Version: 1.0 Status: Production-Ready Core Features: Cross-Language, Zero-Copy, Lock-Free, Cache-Line Friendly
cTP (coroTracer Protocol) is not a traditional TCP/UDP-based network communication protocol, but rather a physical memory mapping (mmap) contract strictly based on byte alignment.
Due to the extreme performance demands of modern M:N coroutine schedulers, traditional RPC or Socket log collection solutions introduce intolerable serialization and context switching overhead. The cTP protocol, by strictly dictating the binary layout and atomic barrier (Memory Barriers) rules of the shared memory (/tmp/corotracer.shm), enables the tested target program (C++, Rust, Zig, etc.) to record timing at speeds approaching the L1 Cache, while the Go engine harvests non-blockingly in a completely independent process.

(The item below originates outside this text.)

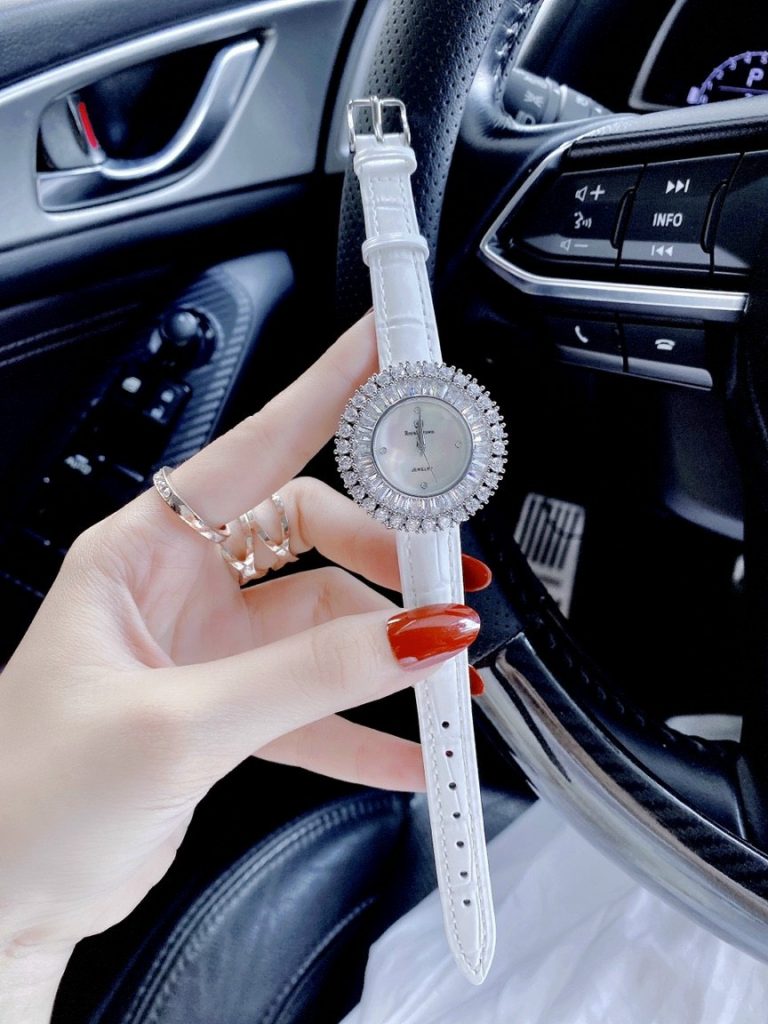 Đồng hồ Royal Crown nữ dây da màu trắng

The entire shared memory file is strictly divided into fixed-size memory blocks. The first 1KB is dedicated to global state negotiation, followed by N consecutive 1KB coroutine observation stations (Station).

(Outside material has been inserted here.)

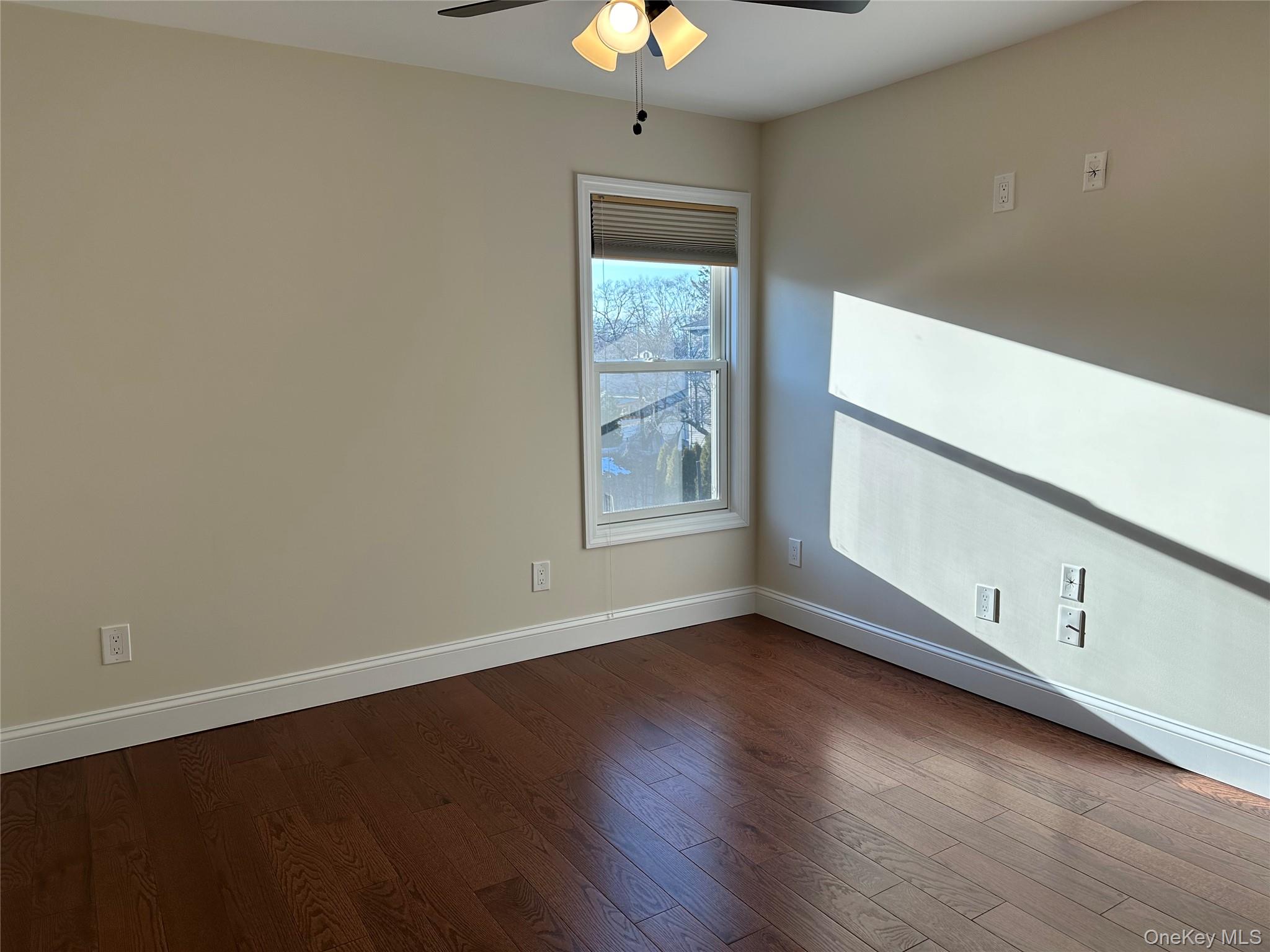 #7 photo, 59 New Hampshire Avenue, ناسو Massapequa , NY 11758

[ Shared Memory File: corotracer.shm ]
=======================================================================
| Offset (Hex) | Size (Bytes) | Block Name |
=======================================================================
| 0x00000000 | 1024 (1KB) | GlobalHeader |
| 0x00000400 | 1024 (1KB) | StationData #0 |
| 0x00000800 | 1024 (1KB) | StationData #1 |
| ... | ... | ... |
| Header + N*1K| 1024 (1KB) | StationData #N |
=======================================================================
Mandatory Constraint: When implementing this protocol in any language, the total size of the structure must be strictly guaranteed to be exactly 1024 bytes, completely rejecting the compiler's implicit Padding, to ensure absolute cross-language ABI consistency.
Alignment Requirement: 1024 Bytes ( alignas(1024) )
Responsibility: Stores cross-process handshake information and the global cursor for the lock-free allocator.
| Offset | Field | Type | Bytes | Description |
|---|---|---|---|---|
0x00 |
magic_number |
uint64 |
8 | Magic number, fixed at 0x434F524F54524352 (ASCII: COROTRCR) |
0x08 |
version |
uint32 |
4 | Protocol version number, currently 1 |
0x0C |
max_stations |
uint32 |
4 | Maximum total number of Stations pre-allocated in the SHM file |
0x10 |
allocated_count |
atomic<uint32> |
4 | [Lock-Free Allocator Cursor] The target program obtains an available Station via atomic increment |
0x14 |
tracer_sleeping |
atomic<uint32> |
4 | Engine sleep flag: 0 = Active, 1 = Sleeping awaiting wakeup |
0x18 |
_reserved |
char[1000] |
1000 | Hard Padding Zone: Pad to a full 1024 bytes |
Alignment Requirement: 64 Bytes ( alignas(64) )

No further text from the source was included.